Vizepräsident Dr. Burkhard Hirsch: Herr Kollege Lippelt, Ihre Redezeit ist abgelaufen. (Zurufe von der CDU/CSU und dem BÜNDNIS 90/DIE GRÜNEN: Das ist aber schade!)
Dr. Helmut Lippelt (BÜNDNIS 90/DIE GRÜNEN): Okay. (Dr. Wolfgang Weng [Gerlingen] [F.D.P.]: Beantragen Sie doch, Ihre Redezeit zu verlängern! Wir stimmen zu! – Beifall bei der PDS) Herr Präsident, ich beantrage noch eine Minute Redezeit. (Heiterkeit und Beifall im ganzen Hause)

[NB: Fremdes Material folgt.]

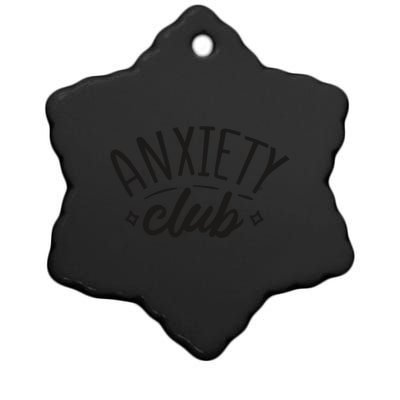 Anxiety Club Ceramic Star Ornament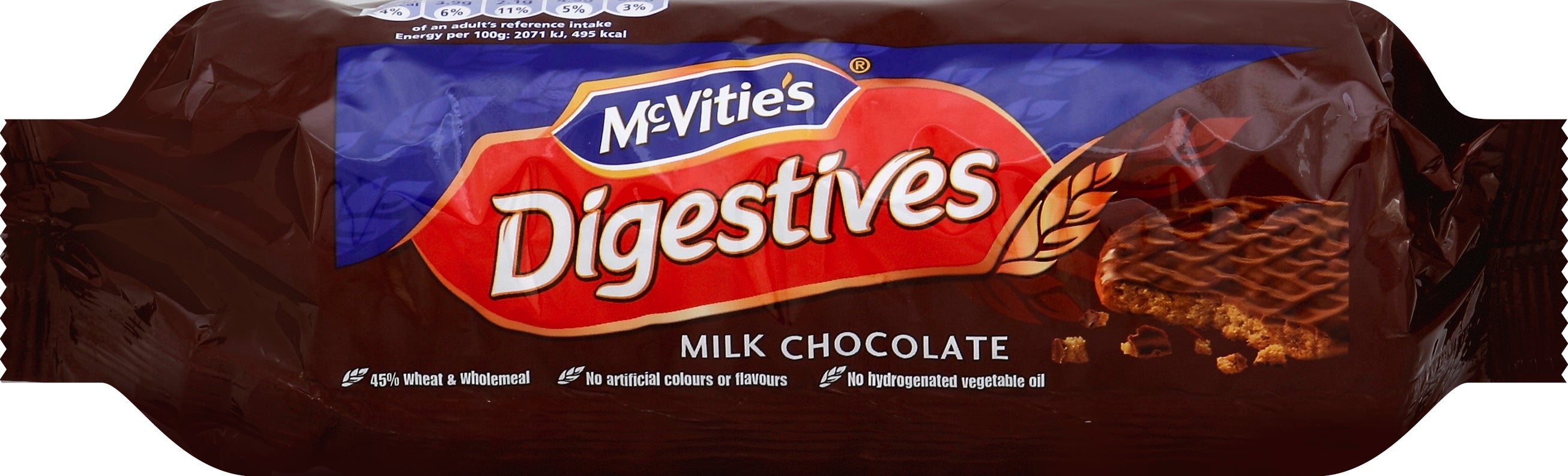 McVitie's Digestives Milk Chocolate - Case of 15 - 10.5 oz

Vizepräsident Dr. Burkhard Hirsch: Eine Minute. Helmut Lippelt (BÜNDNIS 90/DIE GRÜNEN): Richtig dagegen ist der Artikel des drittletzten Absatzes: Die Ansicht des Bundesverfassungsgerichts . . . geht davon aus, daß die Benutzer zumindest zweier . . . unterschiedlicher Rechtschreibungen ohne Störung des gesellschaftlichen Miteinanders auf mehrere Jahre miteinander leben . . . könnten. Gemeint ist die Liberalität, zwei Rechtschreibungen nebeneinander existieren zu lassen. Aber da sagen die Verfasser: Dieser Ansicht wird nicht gefolgt. Zu Deutsch: Die Gesellschaft bricht unter diesem kleinen Reförmchen zusammen. Nein, diesem Antrag, vor allem aber der verknöcherten Sprache der Begründung, wird in diesem Hause hoffentlich nicht gefolgt. (Beifall beim BÜNDNIS 90/DIE GRÜNEN sowie bei Abgeordneten der SPD und der PDS)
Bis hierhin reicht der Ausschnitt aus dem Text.